▶ [YOUR OBJECTIVE]:
Set down, word for word, every line of the material below from the one containing "2pac Clipart" through the one containing "Dooney Henrys Medium Tote White ID-YZgoTxge", but none of its pictures.

▶ [RECORDS TO USE]:

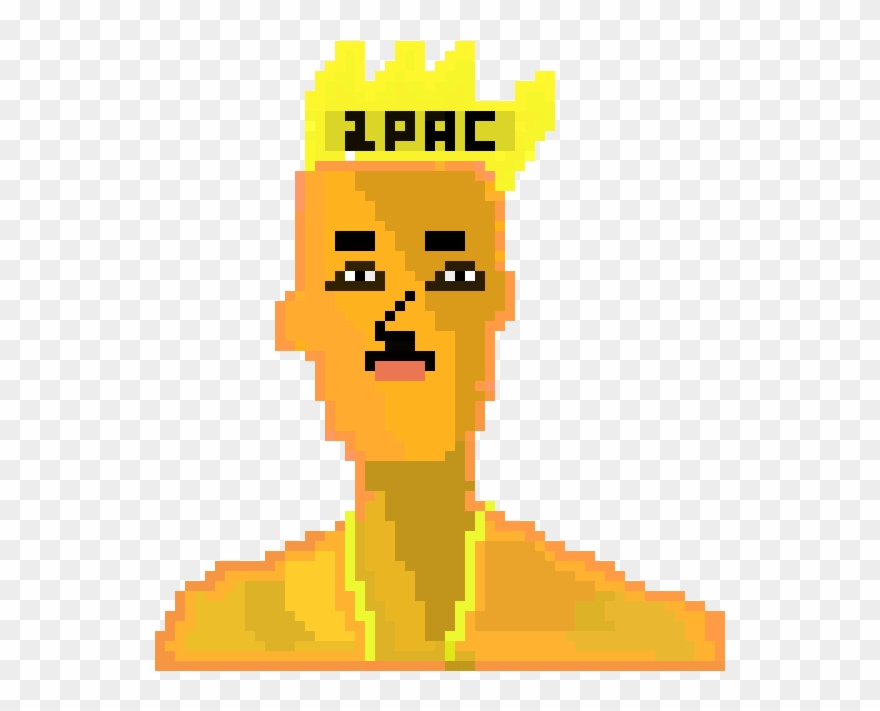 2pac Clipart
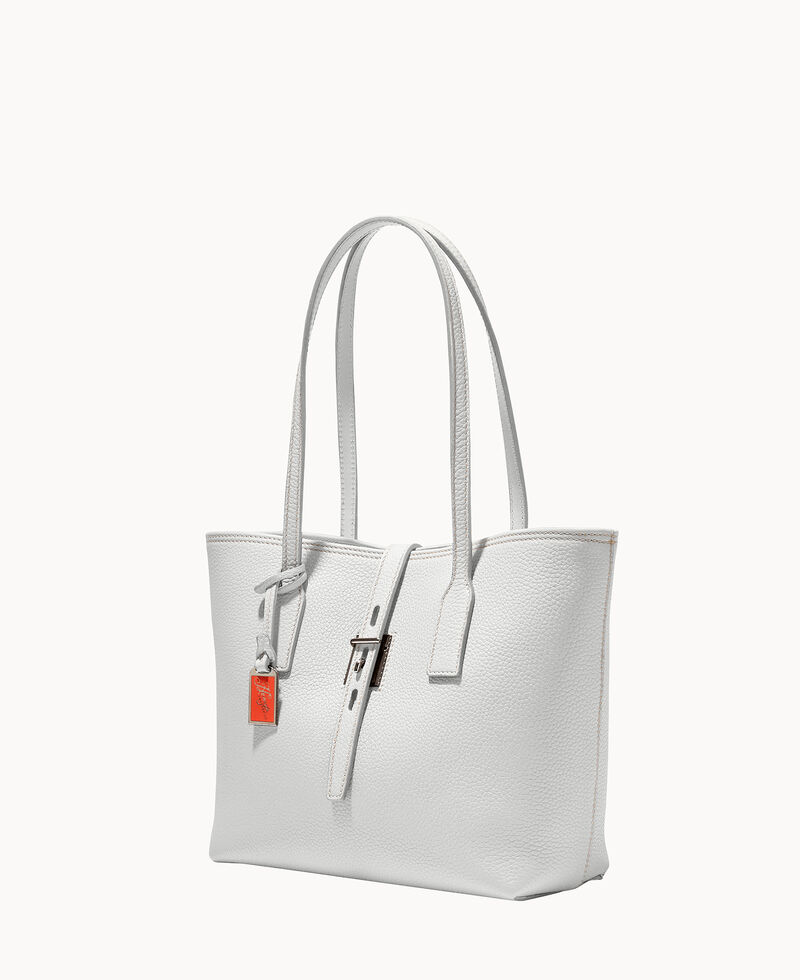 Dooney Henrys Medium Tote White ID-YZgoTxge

* * *

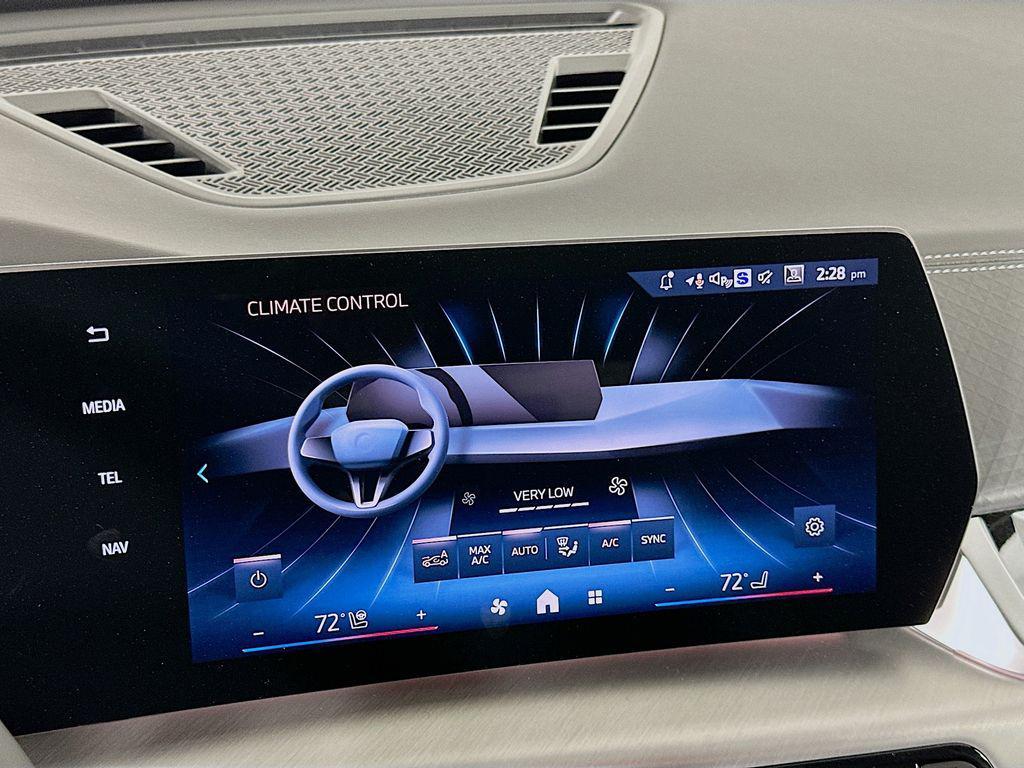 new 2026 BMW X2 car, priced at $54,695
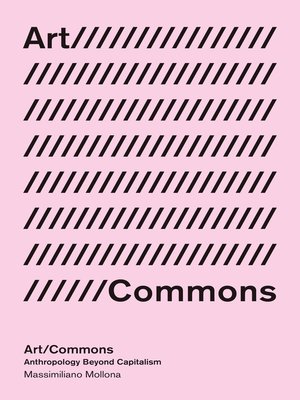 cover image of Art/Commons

▶ [WRITTEN ANSWER]:
 2pac Clipart
 Dooney Henrys Medium Tote White ID-YZgoTxge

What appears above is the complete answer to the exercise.